The Toughpad FZ-R1 is the industry's first 7-inch all-in-one mobile point-of-sale tablet running Windows 8.1 for retail environments. Powered by an Intel Celeron processor, the tablet offers a fast-charging, user-replaceable full-shift battery with optional bridge battery and high-capacity battery, ten-point capacitive multi-touch screen, integrated EMV reader with PIN pad, encrypted magnetic stripe reader, optional POS cradle, and a wide range of configuration options.

===Toughpad 4K===
The Toughpad 4K is the world's first 20-inch tablet with a 4K resolution display. Available running Windows and built on the Intel vPro platform, it features a 230 pixel-per-inch IPS Alpha LCD with a 15:10 aspect ratio and wide viewing angles.

===Toughpad FZ-E1 and Toughpad FZ-X1===

The Toughpad FZ-E1 and Toughpad FZ-X1 are fully rugged 5-inch handheld tablets. Although they are marketed as tablets, their design more resembles that of phablets, with optional smartphone-like voice and data connectivity. The Toughpad FZ-E1 is powered by Windows Embedded 8.1 Handheld (based on the Windows Phone platform) and the Toughpad FZ-X1 runs the Android 5.1 operating system. Standard on both models is an integrated Micro USB port, Wi-Fi 802.11 a/b/g/n/ac, near field communications (NFC), standalone GPS and Bluetooth v4.0 (Class 1).

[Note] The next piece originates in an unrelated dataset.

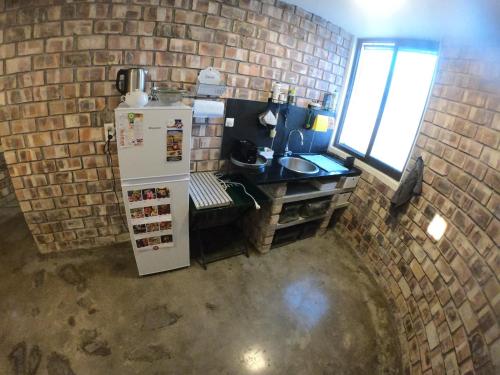 a kitchen with a refrigerator and a brick wall at Brandberg Tower Guesthouse in Uis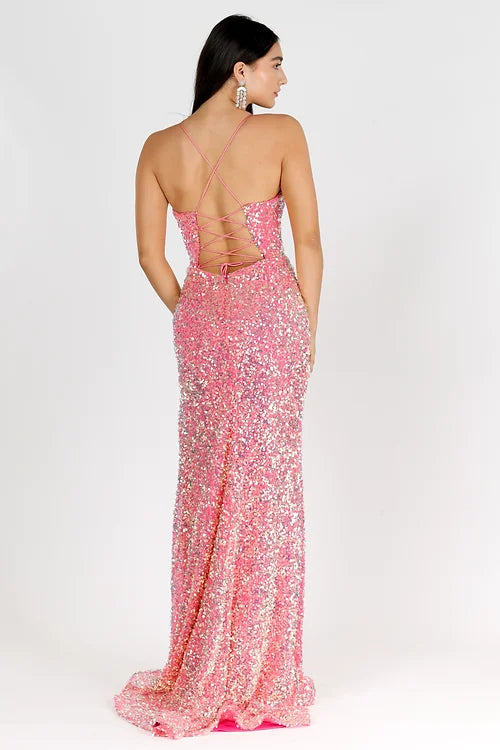 Make a statement at prom or pageants with the Vienna Prom 8846 dress. This elegant gown features a sequined velvet bodice, a V-neckline, and a high slit with fringe details. Look and feel confident in this formal dress that combines style and comfort.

Devices can face resistance to drops of up to 3m to concrete, fully sealed against dust and are submersible in up to 1.5 meter of water for up to 30 minutes, meeting IP68 certification requirements. The devices can operate in temperatures ranging from -20 °C to 60 °C, and are tested for resistance to impact, shock, vibration, altitude and extreme humidity.